Tepat pada fase ini kapitalisme
mulai meletakkan dasarnya yaitu laissez-faire,
laissez-passer sebagai doktrin mutlak Adam Smith. Dillar menerangkan bahwa
perkembangan kapitalisme pada fase kedua ini semata-mata menggunakan
argumentasi ekonomis. Perkembangan ini tentu saja menjadi parameter
keberhasilan bagi kaum borjuis dalam struktur sosial masyarakat. Kesuksesan
ekonomis berimbas pada kesuksesan di bidang politik, yaitu hubungan antara
kapitalis dan Negara. Proses ini menguntungkan kapitalisme terutama dalam
penentuan gaya eksplorasi, eksploitasi dan perluasan daerah kekuasaan sebagai
lahan distribusi produksi. Periode kapitalisme klasik erat kaitannya dengan
karya Adam Smith An Inquiry into The Nature and Causes of The Wealth Nations
(1776) melalaui karya ini terdapat analisa bahwa kapitalisme kuno sudah
berakhir dan bergeser menjadi kapitalisme klasik.
3. Kapitalisme Lanjut
Kapitalisme lanjut dijelaskan mulai
berkembang sejak abad 19, tepatnya tahun 1914, Perang Dunia I sebagai momentum
utama.

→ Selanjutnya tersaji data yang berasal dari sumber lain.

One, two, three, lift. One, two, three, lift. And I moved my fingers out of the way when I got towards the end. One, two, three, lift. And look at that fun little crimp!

Abad 20 ditandai oleh perkembangan kapitalisme yang sudah tidak lagi
bisa disebut sebagai kapitalisme tradisional. Kapitalisme fase lanjut sebagai
peristiwa penting ini ditandai paling tidak oleh tiga momentum. Pertama,
pergeseran dominasi modal dari Eropa ke Amerika. Kedua, bangkitnya kesadaran
bangsa-bangsa di Asia dan Afrika terhadap kolonialisme Eropa sebagai ekses dari
kapitalisme klasik, yang kemudian memanifestasikan kesadaran itu dengan
perlawanan. Ketiga, Revolusi Bolzhevik Rusia yang berhasrat meluluhlantakkan
institusi fundamental kapitalisme yang berupa pemilikan kapital secara individu
atas penguasaan sarana produksi, struktur kelas sosial, bentuk pemerintahan dan
kemapanan agama. Dari sana kemudian muncul ideologi tandingan, yaitu komunisme.
Kapitalisme abad 20 berhasil tampil
meliuk-liuk dengan performance yang selalu bergerak mengadaptasikan kebutuhan
umat manusia pada zaman dan situasi lingkungannya.[8]

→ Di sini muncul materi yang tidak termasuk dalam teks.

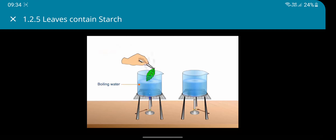Bleach the leaf by boiling it in water and then in alcohol.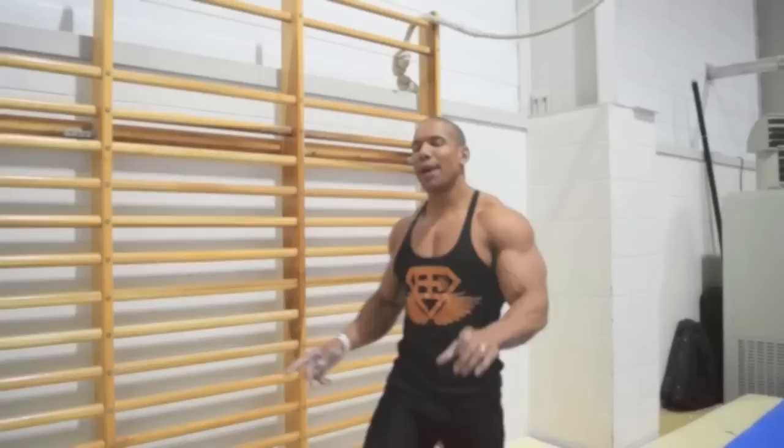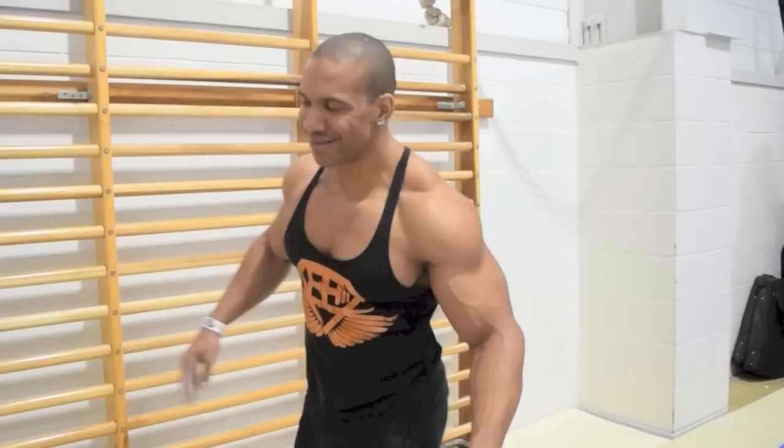I'm going to attempt the human flag. You know, I've seen it on a few videos. I'm no expert, but I'm just going to give it a go. Let's see what happens. Let's go, everybody.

Fleksibilitas ini sukses membawa kapitalisme sebagai akhir ideologi (The End of Ideology) yang mengantarkan
umat manusia tidak hanya menuju gerbang yang penuh pesona ekstasi melainkan
juga pada gerbang yang berpeluang besar untuk kehancuran umat manusia. Produk
lain yang ditunjukkan oleh kapitalisme lanjut adalah sedemikian menjamurnya
korporasi-korporasi modern. Korporasi sudah tidak lagi bergerak di bidang
industri manufaktur, melainkan jasa dan informasi. Ia berusaha mendominasi
dunia dengan kecanggihan tekhnologi serta orientasi menghadapi ekonomi global.
Ia lazim berbentuk MNC/TNC (MultiNational
Corporation/Trans National Corporation). Kehadirannya semakin mempertegas
bahwa pelaku aktifitas ekonomi sesungguhnya bukanlah institusi Negara,
melainkan para pengusaha bermodal besar. Sebab hanya dengan modal mereka bisa
melakukan kegiatan ekonomi apa dan di mana saja.
Dengan semakin pentingnya modal,
peranan Negara menjadi tereduksi, tapi juga hilang sama sekali. Negara hanya
sekedar menjadi aktor pelengkap (Complement Actor) saja dalam percaturan
ekonomi dunia, meski dalam beberapa kasus peran Negara tetap dibutuhkan sebagai
fasilitator untuk mendukung roda ekonomi yang sedang diputar kapitalis. Inilah
yang dinubuat Galbraith dengan mengatakan bahwa korporasi modern menerapkan
kekuasaan melalui pemerintahan. Para kapitalis ini tetap membutuhkan keterlibatan
Negara untuk memfasilitasi setiap produk yang dipasarkan. Hubungan simbiosis
mutualisme ini selanjutnya menjadi karakter dasar dari kapitalisme lanjut.
Peristiwa ini menyebabkan para pakar menyebut bahwa kapitalisme lanjut adalah
kapitalisme monopoli atau kapitalisme kroni (crony capitalism).[9]
Sementara menurut pandangan Clauss
Offe dalam Habermas, sejauh kegiatan Negara diarahkan pada stabilitas dan
pertumbuhan ekonomi, politik selalu menampilkan sifat negatif yang khas.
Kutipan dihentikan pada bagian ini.